Nous n’avons pas une opposition de principe contre un accord-cadre institutionnel visant à stabiliser les Accords bilatéraux. Mais nous ne sommes pas prêts à payer pour lui le prix d’une baisse des salaires et des conditions de travail pour ceux qui travaillent en Suisse. Dans une lettre toute récente à la Commission européenne, le secrétaire général de la Confédération européenne des syndicats (CES), Luca Visentini, soutient avec force notre position.
En quoi consiste cet accord-cadre institutionnel qui demande justement à la Suisse de revoir son système de protection?
Cet accord doit permettre des adaptations dynamiques – et non pas automatiques – des changements de directives européennes dans une série de domaines afin d’alléger entre autres les procédures administratives. Jusqu’à présent, à chaque fois que la Suisse refuse une adaptation, cela crée un conflit. Cet accord-cadre permettrait qu’un mécanisme d’arbitrage entre en jeu. Ce qui est une bonne chose en soi pour les volets techniques et économiques. Mais nous ne pouvons pas accepter que nos mesures d’accompagnement soient intégrées à ce mécanisme. La manière de protéger nos salaires doit rester notre affaire. Les autorités de l’UE ont trop tendance à faire valoir la primauté des libertés économiques face aux droits sociaux fondamentaux. Dans cette logique, la Commission européenne estime par exemple que nous avons un système dépassé, que les méthodes de digitalisation permettent de remplacer les contrôles sur les chantiers. Seuls des technocrates n’ayant aucune idée de la réalité du terrain peuvent défendre de telles positions.

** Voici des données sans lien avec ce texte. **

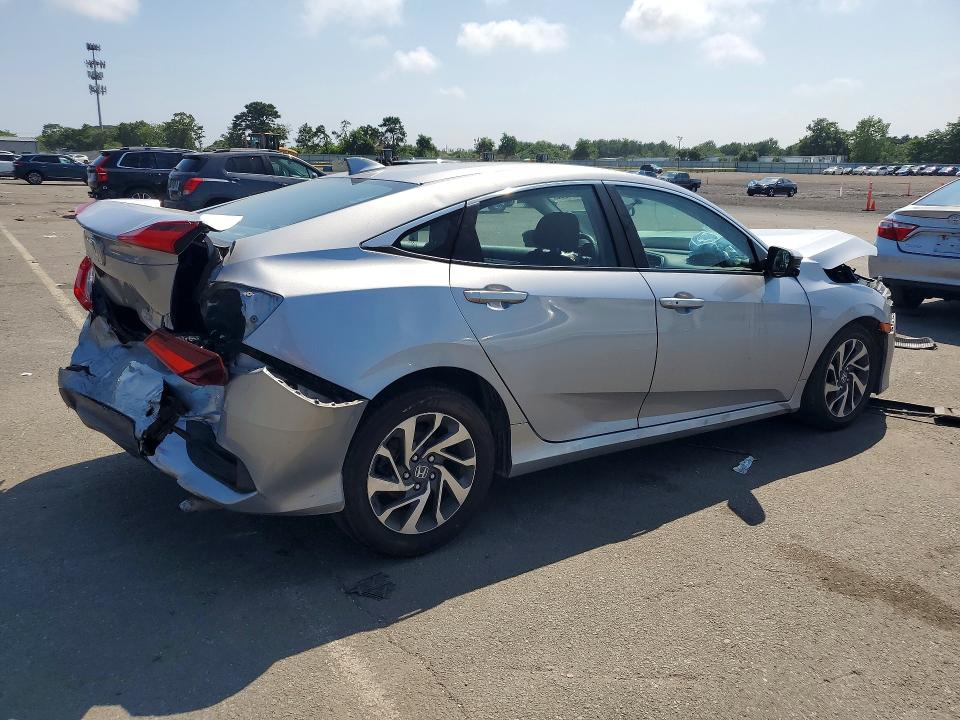 2018 Honda Civic მანქანა იყიდება აუქციონზე, vin: 2HGFC2F75JH577865, აუქციონის ნომერი: 63034386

A qui s’adresse cette brochure?
C’est d’abord un travail de sensibilisation interne aux syndicats pour que les travailleurs comprennent que le contingentement n’est pas une sinécure et que nous devons soutenir la LCP et les MA. Cette brochure sert aussi à expliquer notre position aux politiciens et au patronat, et plus largement, via les médias, aux citoyens. Ce sont des munitions pour argumenter contre la politique de l’extrême droite et éviter que la Suisse cède face à l’Union européenne. Celle-ci doit accepter que la Suisse soit dans une situation spéciale et que l’accord-cadre institutionnel doive en tenir compte. Sinon nous préférons y renoncer et attendre quelques années que les esprits mûrissent. Au fond, j’espère que cette brochure sera lue par le plus grand nombre.